Most likely recent leads to converted

Having analysed what drives conversion we can now use this to define a lead score based on the prediction.

We output this for all leads for which the first contact point was after 2018-01-01.

To do this we nest a prediction statement within a filter statement.

SELECT mql_id, first_contact_date, prediction FROM 
(SELECT mql_id, first_contact_date, landing_page_id, origin,
(CASE WHEN seller_id IS NULL THEN 0 ELSE 1 END) as converted,
prediction
FROM Olist_Seller_Data PREDICT(converted, ignore='mql_id, first_contact_date'))
WHERE first_contact_date > '2018-01-01'
ORDER BY prediction DESC

Understanding what drives high monthly revenue

Related to conversion we can also predict the potential revenue of our leads by using the reported monthly revenue of all converted leads.

The first thing to do is to understand the prediction.

SELECT declared_monthly_revenue, landing_page_id, origin 
FROM (SELECT * FROM Olist_Seller_Data WHERE seller_id IS NOT NULL)
EXPLAIN(PREDICT(declared_monthly_revenue, model='reg'))

Expected ARR per lead

Using the conversion and revenue predictions we can define the expected ARR per lead as the expected revenue weighted by the probability of a conversion.
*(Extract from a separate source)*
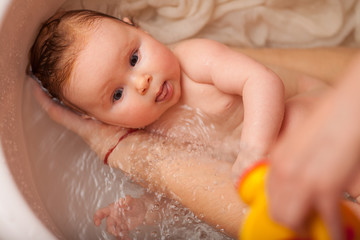 cute newborn baby bathes in the bathroom. The concept of a toddlers ' swimming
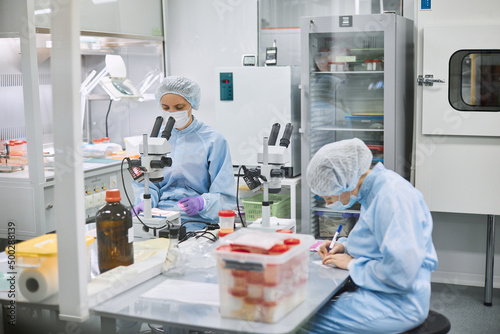 Women work in the lab. Conducts experiments on vaccines.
We turn this into an ARR number and output it for each lead that has yet to convert.

SELECT left_stmt.mql_id, 12 * conversion_prediction * revenue_prediction as expected_arr FROM (  
(SELECT mql_id, landing_page_id, origin, declared_monthly_revenue,
prediction as revenue_prediction
FROM Olist_Seller_Data PREDICT(declared_monthly_revenue, ignore=mql_id, model='reg')) as left_stmt
INNER JOIN
(SELECT mql_id, landing_page_id, origin,
CASE WHEN seller_id IS NULL THEN 0 ELSE 1 END as converted,
prediction as conversion_prediction
FROM Olist_Seller_Data PREDICT(converted, ignore=mql_id)) as right_stmt
ON left_stmt.mql_id = right_stmt.mql_id
) WHERE converted=0 ORDER BY expected_arr DESC

Total ARR in pipeline by Origin

Having calculated the expected revenue per lead we can aggregate it to get a better overall view of the pipeline. We aggregate and group it by origin to better understand from which channel the most ARR can be expected and where our pipeline looks the healthiest.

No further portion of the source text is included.